Polis, 'Zafer işaretinin yasak olduğu' gerekçesiyle gençleri darp etti
.
Bingöl’de zafer işareti yaparak fotoğraf çeken gençler polis tarafından darp edildi. Polis şikâyetçi olduğunu söyleyen gençlere 'Sicilinizi karartırız' şeklinde tehdit etti.

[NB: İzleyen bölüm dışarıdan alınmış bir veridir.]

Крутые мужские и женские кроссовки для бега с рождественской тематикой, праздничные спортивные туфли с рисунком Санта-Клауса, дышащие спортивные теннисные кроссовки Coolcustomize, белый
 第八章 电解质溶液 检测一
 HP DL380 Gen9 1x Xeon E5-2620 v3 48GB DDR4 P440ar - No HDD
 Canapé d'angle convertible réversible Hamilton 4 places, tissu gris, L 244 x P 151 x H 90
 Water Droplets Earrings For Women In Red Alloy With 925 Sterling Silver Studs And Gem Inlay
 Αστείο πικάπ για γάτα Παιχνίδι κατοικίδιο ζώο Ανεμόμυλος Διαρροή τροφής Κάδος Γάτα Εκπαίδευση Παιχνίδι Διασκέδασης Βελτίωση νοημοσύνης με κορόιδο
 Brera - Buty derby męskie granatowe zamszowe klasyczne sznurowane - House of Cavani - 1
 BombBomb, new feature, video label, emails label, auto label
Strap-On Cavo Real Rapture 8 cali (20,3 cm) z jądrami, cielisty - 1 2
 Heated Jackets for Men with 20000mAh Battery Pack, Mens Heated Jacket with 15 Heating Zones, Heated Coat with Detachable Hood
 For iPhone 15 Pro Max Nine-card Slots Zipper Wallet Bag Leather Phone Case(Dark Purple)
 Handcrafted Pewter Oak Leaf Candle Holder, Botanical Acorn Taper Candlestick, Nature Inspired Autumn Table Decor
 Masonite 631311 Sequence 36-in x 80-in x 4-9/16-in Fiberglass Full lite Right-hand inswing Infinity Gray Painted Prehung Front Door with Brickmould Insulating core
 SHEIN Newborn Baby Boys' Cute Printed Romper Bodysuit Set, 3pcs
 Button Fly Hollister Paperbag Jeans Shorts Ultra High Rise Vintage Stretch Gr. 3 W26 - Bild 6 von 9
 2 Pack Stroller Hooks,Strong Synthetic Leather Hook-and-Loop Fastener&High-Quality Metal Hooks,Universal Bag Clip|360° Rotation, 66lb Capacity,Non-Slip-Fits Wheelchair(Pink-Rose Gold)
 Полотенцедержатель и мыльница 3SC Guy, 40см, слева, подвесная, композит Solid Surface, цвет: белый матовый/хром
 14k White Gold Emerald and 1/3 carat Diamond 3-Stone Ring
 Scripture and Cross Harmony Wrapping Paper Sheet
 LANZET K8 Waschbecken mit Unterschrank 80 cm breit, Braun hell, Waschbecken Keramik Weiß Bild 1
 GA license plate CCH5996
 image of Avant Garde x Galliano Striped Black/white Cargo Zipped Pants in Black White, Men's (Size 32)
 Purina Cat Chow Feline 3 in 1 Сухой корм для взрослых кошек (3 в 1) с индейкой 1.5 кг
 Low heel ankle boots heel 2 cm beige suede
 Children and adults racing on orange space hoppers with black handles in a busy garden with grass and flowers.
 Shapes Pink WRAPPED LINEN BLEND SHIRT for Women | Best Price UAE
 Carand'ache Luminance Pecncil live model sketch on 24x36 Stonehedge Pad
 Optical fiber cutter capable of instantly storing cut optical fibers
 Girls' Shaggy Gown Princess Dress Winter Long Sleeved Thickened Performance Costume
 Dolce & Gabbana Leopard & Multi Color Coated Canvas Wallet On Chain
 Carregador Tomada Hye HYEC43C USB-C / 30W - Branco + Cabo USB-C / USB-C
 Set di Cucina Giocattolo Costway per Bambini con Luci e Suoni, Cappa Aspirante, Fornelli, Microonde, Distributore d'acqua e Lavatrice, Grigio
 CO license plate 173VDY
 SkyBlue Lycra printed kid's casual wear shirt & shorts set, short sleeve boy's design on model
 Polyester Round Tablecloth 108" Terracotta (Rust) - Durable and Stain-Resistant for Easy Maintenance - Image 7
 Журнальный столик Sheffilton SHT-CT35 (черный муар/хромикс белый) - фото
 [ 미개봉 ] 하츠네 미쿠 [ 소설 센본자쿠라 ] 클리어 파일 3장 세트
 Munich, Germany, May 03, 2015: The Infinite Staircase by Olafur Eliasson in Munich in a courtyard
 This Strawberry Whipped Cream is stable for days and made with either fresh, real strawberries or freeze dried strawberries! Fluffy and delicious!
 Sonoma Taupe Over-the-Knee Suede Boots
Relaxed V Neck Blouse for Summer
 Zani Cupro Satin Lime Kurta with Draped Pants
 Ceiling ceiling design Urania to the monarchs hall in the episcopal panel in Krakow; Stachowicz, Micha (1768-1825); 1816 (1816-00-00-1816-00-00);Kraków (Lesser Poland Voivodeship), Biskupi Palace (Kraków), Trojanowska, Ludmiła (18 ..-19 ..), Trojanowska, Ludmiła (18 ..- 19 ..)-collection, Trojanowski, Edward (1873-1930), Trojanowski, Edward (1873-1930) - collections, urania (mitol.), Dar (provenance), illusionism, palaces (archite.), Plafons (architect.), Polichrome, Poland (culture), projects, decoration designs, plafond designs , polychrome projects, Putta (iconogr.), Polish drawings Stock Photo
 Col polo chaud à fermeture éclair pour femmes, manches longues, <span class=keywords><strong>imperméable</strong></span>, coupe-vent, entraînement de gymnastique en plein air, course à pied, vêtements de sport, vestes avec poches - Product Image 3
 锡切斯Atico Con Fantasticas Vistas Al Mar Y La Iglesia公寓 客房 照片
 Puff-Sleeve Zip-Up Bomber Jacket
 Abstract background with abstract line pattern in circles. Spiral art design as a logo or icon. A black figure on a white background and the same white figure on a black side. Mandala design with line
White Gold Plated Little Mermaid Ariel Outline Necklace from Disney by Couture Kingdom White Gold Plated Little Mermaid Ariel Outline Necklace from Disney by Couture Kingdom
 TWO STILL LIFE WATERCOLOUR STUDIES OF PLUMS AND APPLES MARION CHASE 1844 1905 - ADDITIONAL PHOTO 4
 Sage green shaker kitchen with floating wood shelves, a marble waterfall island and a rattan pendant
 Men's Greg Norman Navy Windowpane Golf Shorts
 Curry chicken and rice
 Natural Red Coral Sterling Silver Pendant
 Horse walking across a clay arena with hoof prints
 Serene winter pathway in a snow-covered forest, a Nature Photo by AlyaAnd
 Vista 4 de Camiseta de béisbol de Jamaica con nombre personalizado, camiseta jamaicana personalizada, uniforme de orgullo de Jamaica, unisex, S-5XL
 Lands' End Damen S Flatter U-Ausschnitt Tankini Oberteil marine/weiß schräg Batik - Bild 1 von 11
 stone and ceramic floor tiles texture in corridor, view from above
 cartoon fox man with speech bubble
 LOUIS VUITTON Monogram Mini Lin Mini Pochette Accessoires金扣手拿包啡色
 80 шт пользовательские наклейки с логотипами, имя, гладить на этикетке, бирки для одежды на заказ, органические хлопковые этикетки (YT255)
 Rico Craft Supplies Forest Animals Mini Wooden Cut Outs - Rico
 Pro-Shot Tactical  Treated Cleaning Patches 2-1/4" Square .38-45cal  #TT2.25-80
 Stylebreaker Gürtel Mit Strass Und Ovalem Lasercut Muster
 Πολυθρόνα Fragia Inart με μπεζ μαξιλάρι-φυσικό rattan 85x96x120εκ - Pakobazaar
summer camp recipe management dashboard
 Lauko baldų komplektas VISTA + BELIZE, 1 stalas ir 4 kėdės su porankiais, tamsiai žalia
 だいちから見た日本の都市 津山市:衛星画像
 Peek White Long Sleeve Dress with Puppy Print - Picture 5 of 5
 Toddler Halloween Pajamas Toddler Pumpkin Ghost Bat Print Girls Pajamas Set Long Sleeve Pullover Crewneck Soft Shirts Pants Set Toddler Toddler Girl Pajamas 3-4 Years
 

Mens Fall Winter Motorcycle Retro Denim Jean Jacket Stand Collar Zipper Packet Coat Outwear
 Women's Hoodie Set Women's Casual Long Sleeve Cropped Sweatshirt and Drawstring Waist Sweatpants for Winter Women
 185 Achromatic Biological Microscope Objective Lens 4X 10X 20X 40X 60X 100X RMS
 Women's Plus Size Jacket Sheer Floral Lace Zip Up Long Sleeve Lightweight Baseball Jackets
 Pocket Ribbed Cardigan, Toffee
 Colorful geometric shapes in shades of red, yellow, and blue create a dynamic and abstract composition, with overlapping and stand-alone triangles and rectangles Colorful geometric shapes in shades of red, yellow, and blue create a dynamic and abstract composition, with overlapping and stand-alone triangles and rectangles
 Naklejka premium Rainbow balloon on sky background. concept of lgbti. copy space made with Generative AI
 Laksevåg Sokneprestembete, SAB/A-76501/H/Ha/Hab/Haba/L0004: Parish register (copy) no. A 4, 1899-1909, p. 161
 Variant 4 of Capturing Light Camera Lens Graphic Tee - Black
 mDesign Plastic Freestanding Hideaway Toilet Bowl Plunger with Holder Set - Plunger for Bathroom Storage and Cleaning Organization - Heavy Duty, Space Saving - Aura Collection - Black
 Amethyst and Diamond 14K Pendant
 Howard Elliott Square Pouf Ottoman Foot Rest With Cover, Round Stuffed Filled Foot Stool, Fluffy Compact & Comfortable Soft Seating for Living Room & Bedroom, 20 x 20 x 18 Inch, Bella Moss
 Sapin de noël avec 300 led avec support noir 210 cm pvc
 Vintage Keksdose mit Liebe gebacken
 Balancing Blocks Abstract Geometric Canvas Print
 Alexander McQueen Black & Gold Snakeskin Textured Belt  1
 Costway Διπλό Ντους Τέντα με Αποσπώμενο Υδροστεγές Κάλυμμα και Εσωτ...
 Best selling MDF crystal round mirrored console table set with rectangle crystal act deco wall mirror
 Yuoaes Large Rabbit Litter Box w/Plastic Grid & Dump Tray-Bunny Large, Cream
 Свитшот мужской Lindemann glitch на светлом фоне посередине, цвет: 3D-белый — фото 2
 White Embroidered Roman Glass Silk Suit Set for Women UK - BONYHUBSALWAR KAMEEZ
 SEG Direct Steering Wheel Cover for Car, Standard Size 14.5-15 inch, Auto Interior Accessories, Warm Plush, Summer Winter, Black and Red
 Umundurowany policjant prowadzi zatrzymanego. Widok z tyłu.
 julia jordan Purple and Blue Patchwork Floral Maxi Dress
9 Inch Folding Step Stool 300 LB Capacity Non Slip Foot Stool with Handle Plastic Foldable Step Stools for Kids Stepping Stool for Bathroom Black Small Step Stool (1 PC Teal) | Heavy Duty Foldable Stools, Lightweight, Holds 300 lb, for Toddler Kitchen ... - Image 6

Bölgede hak ihlalleri sürüyor. İhlalleri uygulayanların başında kolluk güçleri geliyor. Hemen hemen her gün birçok kentte kolluk güçlerinin neden olduğu darp, kötü muamele hak ihlalleri haberi geliyor. Son bir hafta içinde Batman’ın Kozluk ilçesine bağlı Gümüşörgü (Timoq) köyünde askerler tarafından gözaltına alınan Yahya Karabaş başına poşet geçirilerek işkenceye maruz bırakıldı. Bunun ardından bir haber de Şırnak’tan geldi. Şırnak’ta bir polis aracıyla zırhlı araç çarpması sonucu hayatını kaybeden Abdulgaffar Dayan ailesinin Avukatı Serkan Karakaş'a çarpıp kaçtı. Ağır yaralanan Karakaş’ın kaldırıldığı hastanede tedavisi sürüyor. Batman ve Şırnak’ın ardından bir polis şiddeti haberi de Bingöl’den geldi.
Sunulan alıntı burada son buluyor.